Battle for Decent Work at heart of Dunnes Dispute

Posted on March 31, 2015 at 03:05 PM

Patricia King - Congress General Secretary
Patricia King
Congress General Secretary

On Thursday April 2, the battle for Decent Work will spill over onto picket lines the length and breadth of the country.

Unionised workers at Dunnes Stores will strike for 24 hours in a bid to end the precarious work practices of their employer. The stoppages will continue until the practices change.

With 116 outlets and some 10,000 staff, Dunnes is one of the largest employers in the state. It also has some 40 stores across the UK and Spain and enjoys an annual turnover of €3.5 billion (2013). The Mandate trade union - which represents the majority of Dunnes workers – estimates the chain’s annual profits at up to €350 million. 

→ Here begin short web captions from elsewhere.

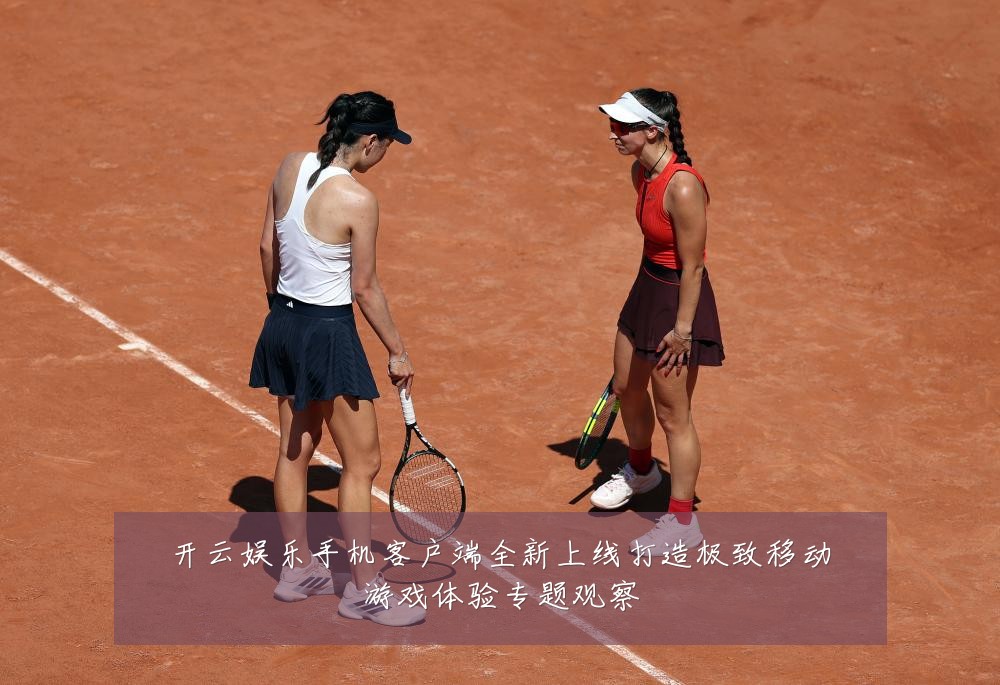 开云娱乐手机客户端全新上线打造极致移动游戏体验专题观察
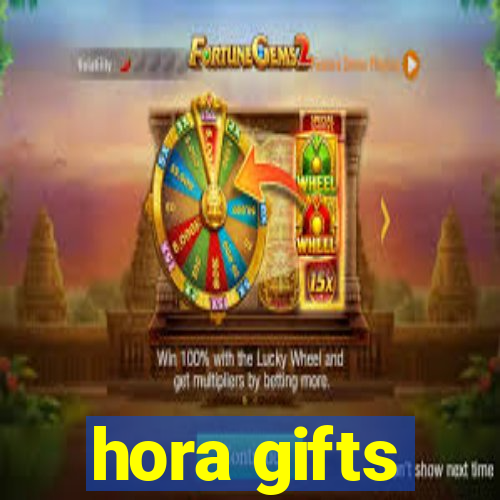 hora gifts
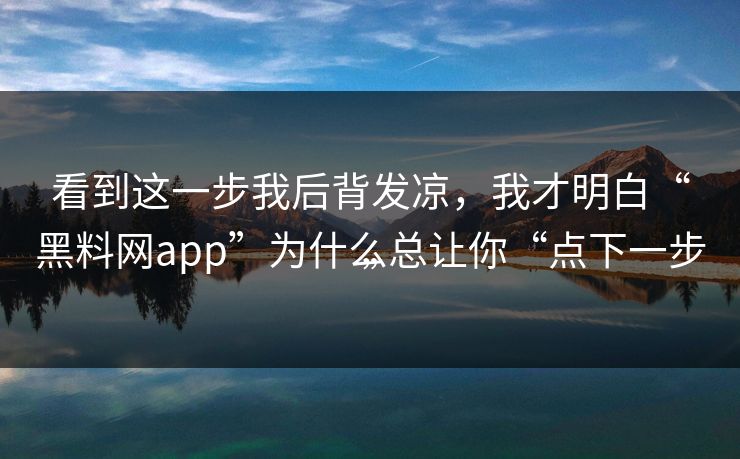 看到这一步我后背发凉，我才明白“黑料网app”为什么总让你“点下一步”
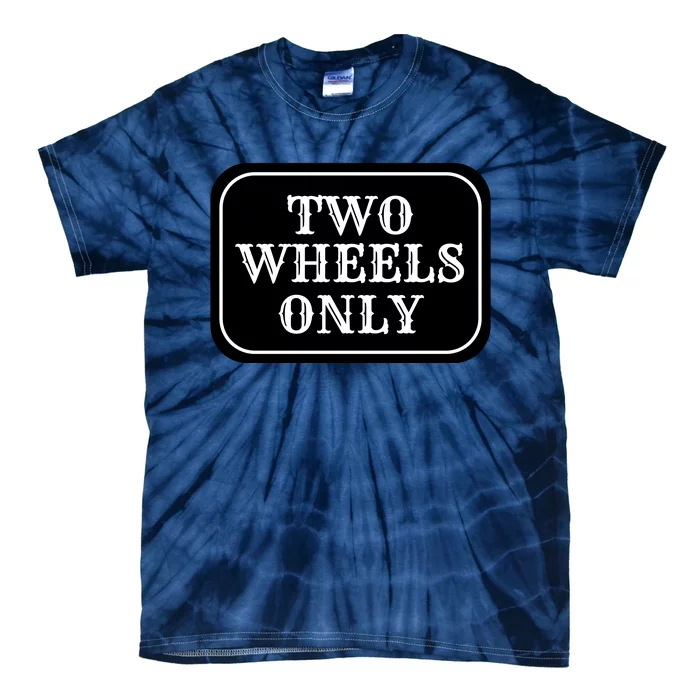 Two Wheels Only Tie-Dye T-Shirt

Yet many Dunnes workers operate on minimum 15 hour contracts and have no idea what they might earn from week to week, or even how long they might be at work. The allocation of weekly hours is at the discretion of individual store managers, with all the potential for abuse and victimisation this implies.

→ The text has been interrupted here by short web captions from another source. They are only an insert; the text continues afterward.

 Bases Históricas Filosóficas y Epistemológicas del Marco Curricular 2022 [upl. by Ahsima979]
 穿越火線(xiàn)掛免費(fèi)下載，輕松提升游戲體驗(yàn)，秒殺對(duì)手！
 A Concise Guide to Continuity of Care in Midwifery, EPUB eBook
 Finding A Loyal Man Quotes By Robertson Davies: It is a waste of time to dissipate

This is like a flashback to Strumpet City in the 21st Century. 

In short, it means that the lives of the workers are owned by their employer. Every aspect of their life within and beyond the workplace is subject to the whim of others, not least their capacity to attain a decent standard of living and provide for their families.

While bills and costs are constant and rising, their weekly earning can fluctuate wildly. We have heard evidence of workers surviving on poverty diets or depending on the charity of the extended family to put food on the table.

And with no security around hours of work, how can working families hope to plan childcare arrangements or attend to the everyday needs of growing children?

It is no surprise to learn that one in five of the workforce in Ireland is now classified as low paid, or that many in work are forced to fall back on social welfare payments to subsidise low incomes.

Perversely, that means the state – using taxes paid by working people – is subsidising bad employers. The estimated loss to the taxpayer from all such low pay employments is over €300 million a year. That is unsustainable.

Having a job was once the surest route out of poverty. But with the surge in these corrosive, precarious work practices across the developed world that is no longer the case.

Only decent work and a living wage can help to restore that certainty.